→ Assignment
Copy out, unchanged, the entries below from the "HKM Halster Stars Economy Licht Groen HKM" line to the final line. Omit pictures.

→ Data for the task
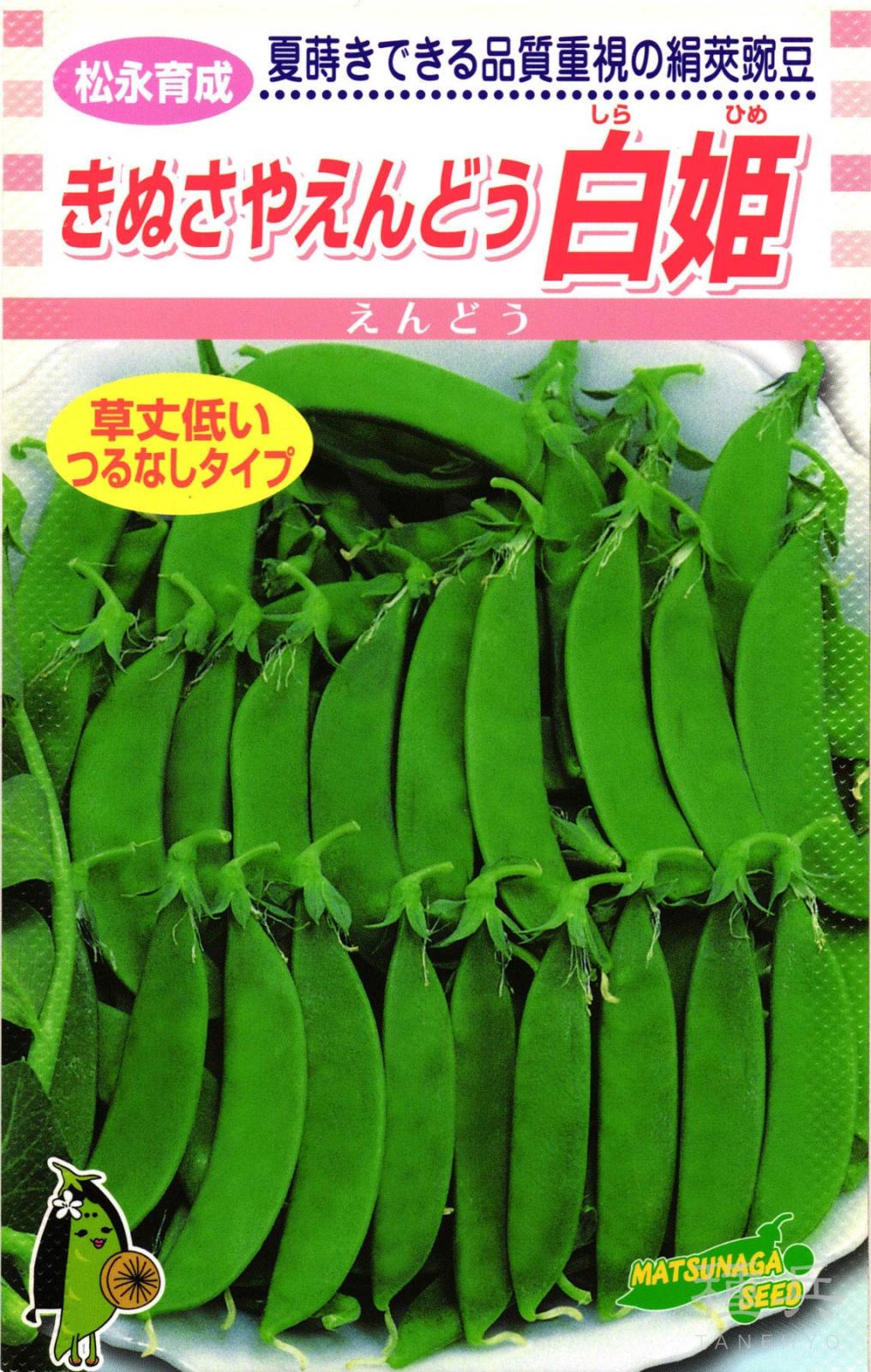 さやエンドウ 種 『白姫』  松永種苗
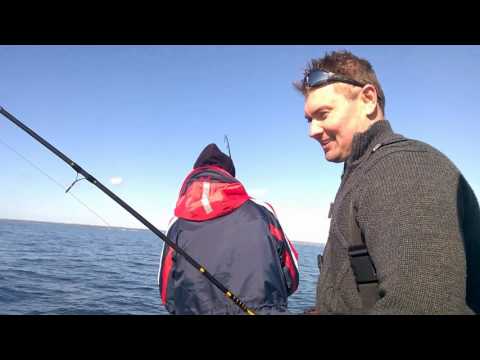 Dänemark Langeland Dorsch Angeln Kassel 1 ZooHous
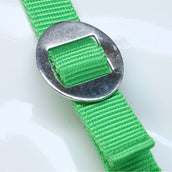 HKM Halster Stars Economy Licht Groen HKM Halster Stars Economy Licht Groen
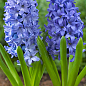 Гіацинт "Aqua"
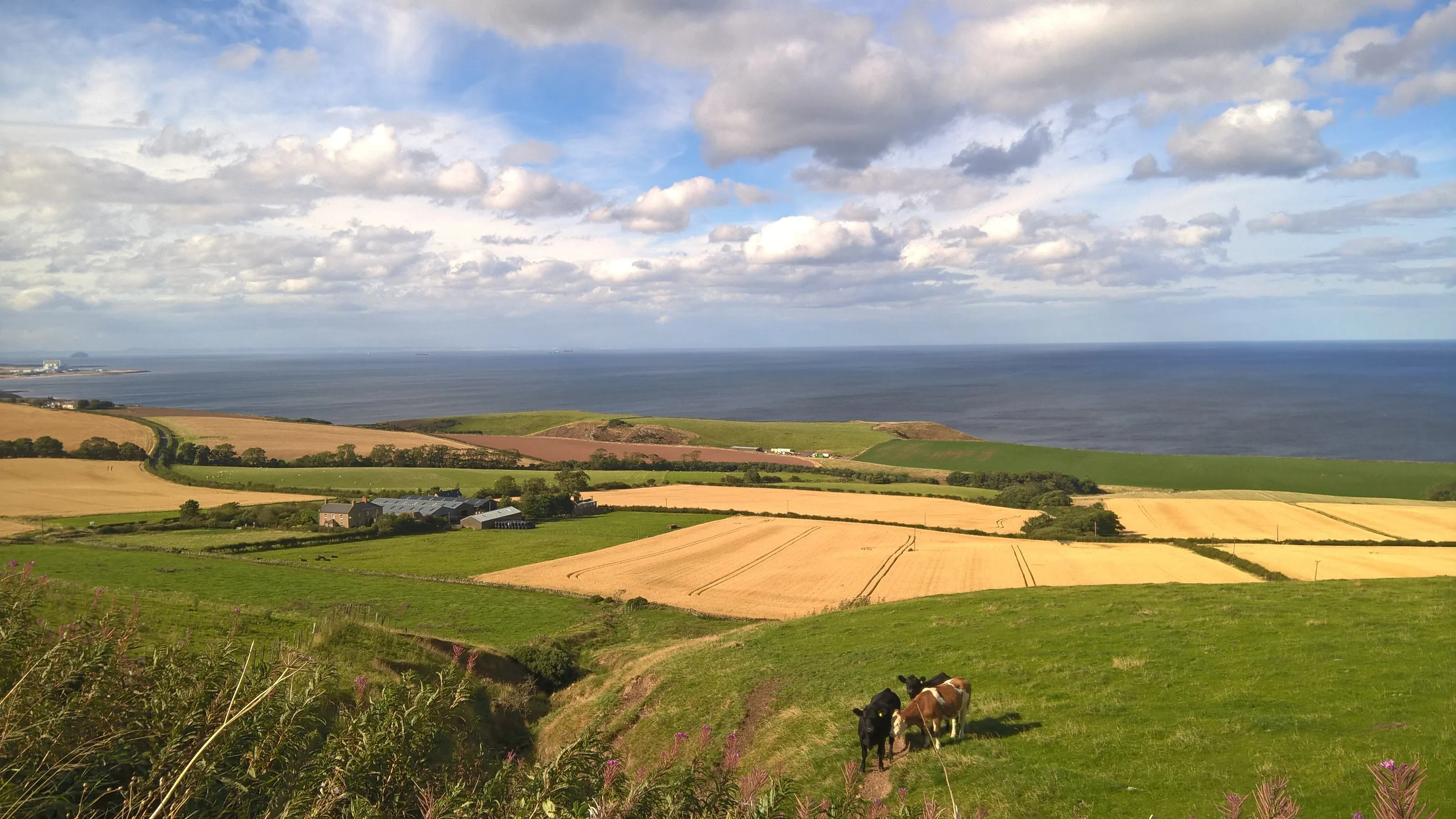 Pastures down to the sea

→ Solved problem
 HKM Halster Stars Economy Licht Groen HKM Halster Stars Economy Licht Groen
 Гіацинт "Aqua"
 Pastures down to the sea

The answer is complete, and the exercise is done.